** Opening Raw data block **

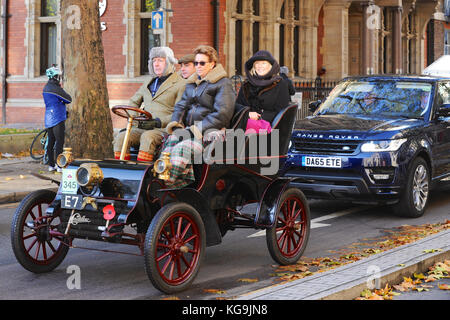 Londra, Regno Unito. 5 Novembre, 2017. Un 1904 Cadillac Tonneau (proprietario: Nigel Batchelor) guidando attraverso il Westminster, Londra centrale, durante l annuale Bonhams Londra a Brighton Veteran Car Run. 454 pre-1905 fabbricati veicoli hanno preso parte a questo anno di esecuzione che avviene ogni prima domenica del mese di novembre e commemora l'Emancipazione originale esecuzione del 14 novembre 1896. Credito: Michael Preston/Alamy Live News Foto Stock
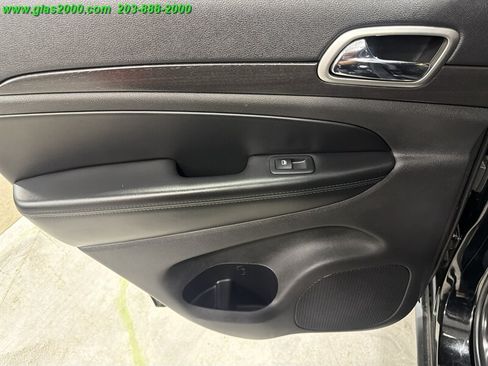 Used 2018 Jeep Grand Cherokee Laredo AWD/4WD image 30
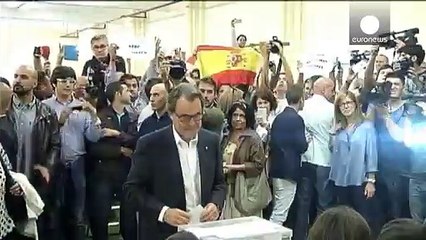 Partidários da independência catalã lideram sondagens à boca das urnas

** Closing Raw data block **

» Work task:
No pictures belong in the copy. Repeat the listing above exactly.

» Written reply:
 Londra, Regno Unito. 5 Novembre, 2017. Un 1904 Cadillac Tonneau (proprietario: Nigel Batchelor) guidando attraverso il Westminster, Londra centrale, durante l annuale Bonhams Londra a Brighton Veteran Car Run. 454 pre-1905 fabbricati veicoli hanno preso parte a questo anno di esecuzione che avviene ogni prima domenica del mese di novembre e commemora l'Emancipazione originale esecuzione del 14 novembre 1896. Credito: Michael Preston/Alamy Live News Foto Stock
 Used 2018 Jeep Grand Cherokee Laredo AWD/4WD image 30
 Partidários da independência catalã lideram sondagens à boca das urnas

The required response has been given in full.